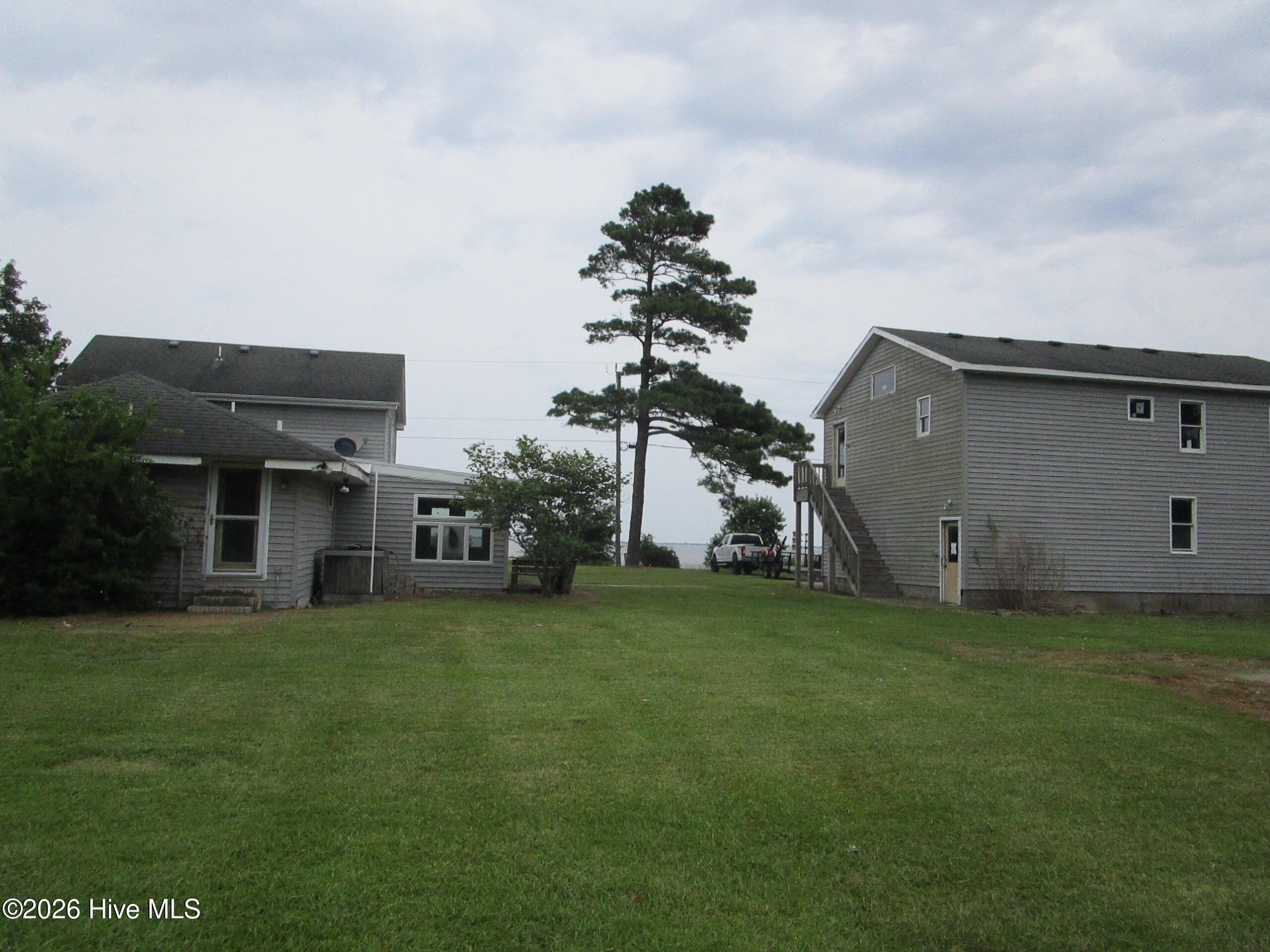 330 Narrow Shore Road Property Photo 14
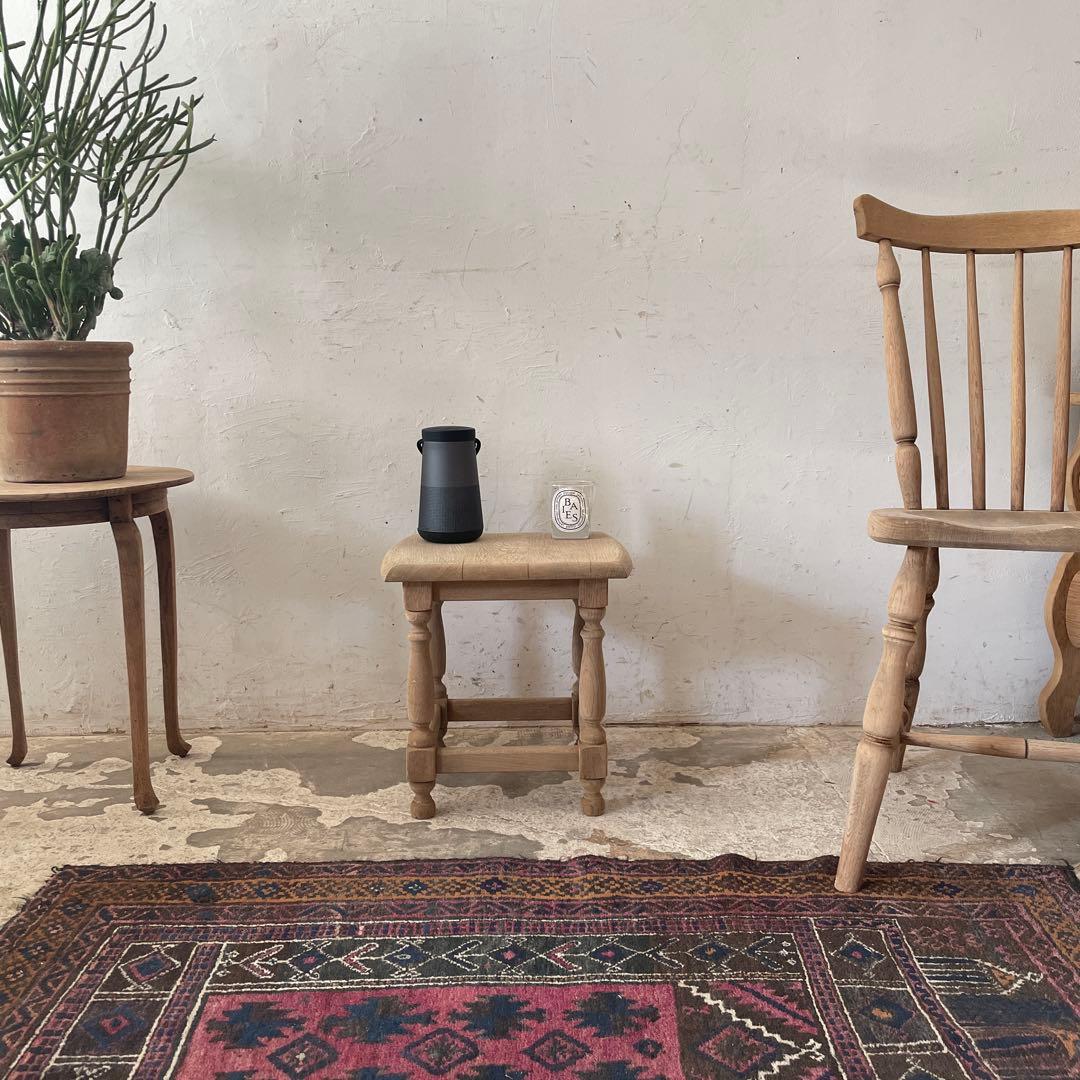 ビンテージ　サイドテーブル ベッドサイドテーブル　小　剥離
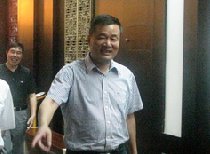 省人大常委会委员俞仲达来我公司调研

_What is being asked_. Reproduce the data verbatim. Do not carry any picture into the copy.

_Response to the exercise_.
 330 Narrow Shore Road Property Photo 14
 ビンテージ　サイドテーブル ベッドサイドテーブル　小　剥離
 省人大常委会委员俞仲达来我公司调研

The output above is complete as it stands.